» **Given material**
----------

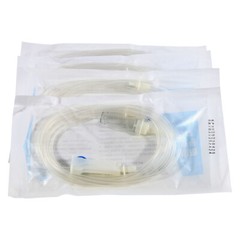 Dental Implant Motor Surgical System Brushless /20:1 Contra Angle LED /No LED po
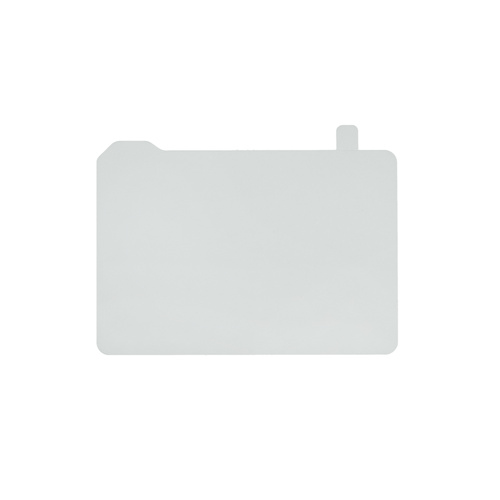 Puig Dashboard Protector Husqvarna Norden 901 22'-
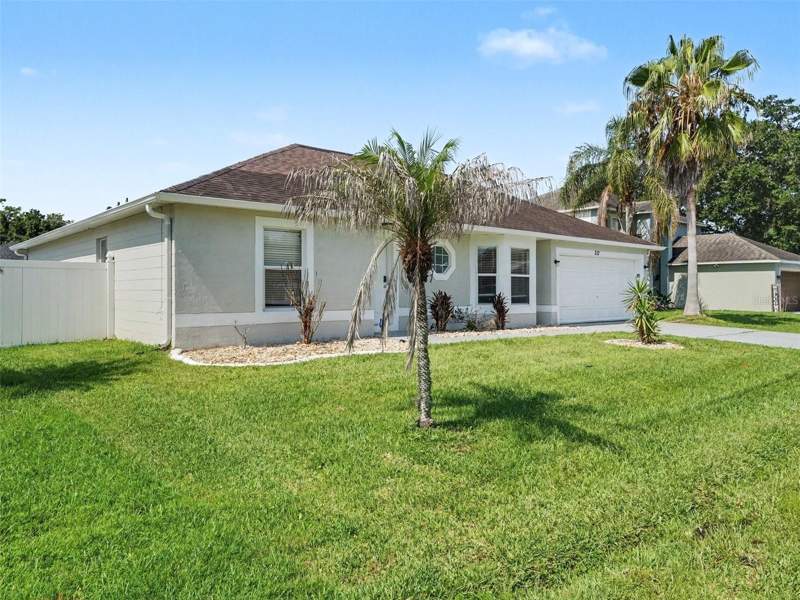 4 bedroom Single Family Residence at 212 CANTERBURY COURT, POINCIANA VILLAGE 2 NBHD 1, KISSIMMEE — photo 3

----------

» **Problem details**
The answer must be the full listing retyped exactly, with no pictures in it.

» **Output of the exercise**
 Dental Implant Motor Surgical System Brushless /20:1 Contra Angle LED /No LED po
 Puig Dashboard Protector Husqvarna Norden 901 22'-
 4 bedroom Single Family Residence at 212 CANTERBURY COURT, POINCIANA VILLAGE 2 NBHD 1, KISSIMMEE — photo 3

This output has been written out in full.